The evaluation analysis workshops then started with the holders of the story (EAW 1) or the documenter of the PAR group (EAW 2) taking the team on a journey along the river and thereby providing a detailed overview of what had happened during the intervention implementation. Given the length of the river in EAW 1, the facilitator invited the story holders to present one part of the river at a time and then open the floor for questions for clarification, more detail or critical reflections. In EAW 2, where the rivers represented a much short process, these questions happened after each PAR team had presented their river. In response to the questions, more sticky notes were added to the river illustration, usually they would cover further detail on the why and how of activities. During this process the river of life acted as a ‘boundary object’ for critical reflection.
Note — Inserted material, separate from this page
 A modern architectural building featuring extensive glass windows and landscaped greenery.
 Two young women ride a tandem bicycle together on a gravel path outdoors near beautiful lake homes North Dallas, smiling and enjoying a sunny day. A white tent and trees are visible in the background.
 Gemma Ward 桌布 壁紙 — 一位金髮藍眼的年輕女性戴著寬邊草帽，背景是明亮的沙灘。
Having the visual illustration of the process made it safe and accessible to explore hidden dimensions of the process that had not been surfaced in other learning processes.
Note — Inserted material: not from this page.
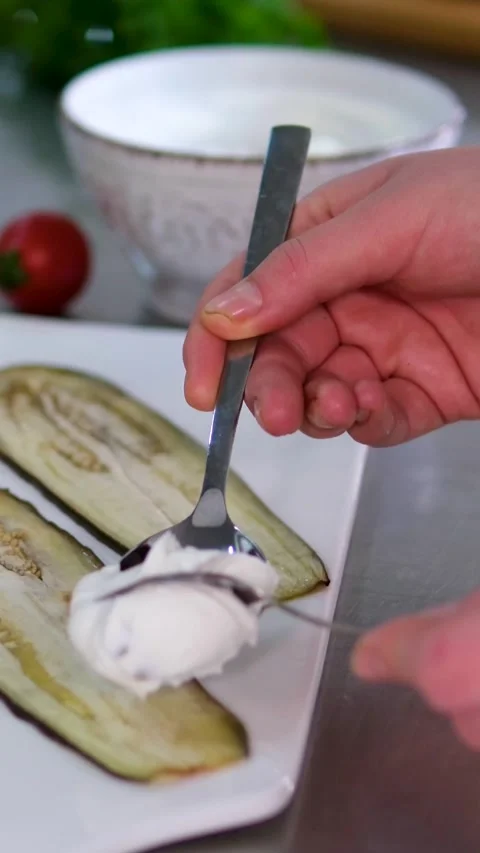Cooking process of rolling grilled zucchini eggplant slices filled creamy cheese Video stock 318976890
In addition to providing a nice visual tool during the workshop and a helpful way to use the large amount of process data, we found that using the river metaphors helped to provide a realistic overview of the participatory process by unearthing a lot more detail about the process that was implemented by the country teams than those not in country were unaware of. Given that rivers are not linear (unlike canals!), this metaphor helped us to visually represent the messiness that are participatory processes. All the twist and turns, the splitting in the river, whirlpools etc are helpful to systematically capture what happens during the participatory intervention without losing the messiness of this process. By the end of EAW 1 the river really highlighted all the preparatory and community trust building activities that the teams had undertaken. This highlighted to us once again that participatory research is so much more than what happens in workshops, but it is about taking the community along with you from the beginnings of the process. We also saw clearly how far along the river we had travelled before we started encountering boats (signifying when children became part of the process), illustrating that to safely engage children, it was important to first build trusting relationships with the adults in their lives.
Based on our experience adapting the river of life tool to evaluation practice, we highlight that it is a useful tool to have in one’s evaluation toolbox to 1) provide an engaging and safe boundary object to explore hidden dimensions of a process in a safe way; 2) visualise and illustrate the non-linear nature of most interventions, but particularly participatory interventions and 3) as a structure to organise large amounts of process data.